= Exercise description =
All that is wanted is a word-for-word copy of the line with "Organic Carry Case" and every line after it in the data below.

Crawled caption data
· · · ·
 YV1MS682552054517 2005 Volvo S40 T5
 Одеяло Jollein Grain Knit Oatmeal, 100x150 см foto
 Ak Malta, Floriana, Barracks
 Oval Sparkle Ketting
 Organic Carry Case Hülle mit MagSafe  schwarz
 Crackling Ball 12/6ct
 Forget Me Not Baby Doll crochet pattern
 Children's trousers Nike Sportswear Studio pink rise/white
· · · ·
= Completed exercise =
 Organic Carry Case Hülle mit MagSafe  schwarz
 Crackling Ball 12/6ct
 Forget Me Not Baby Doll crochet pattern
 Children's trousers Nike Sportswear Studio pink rise/white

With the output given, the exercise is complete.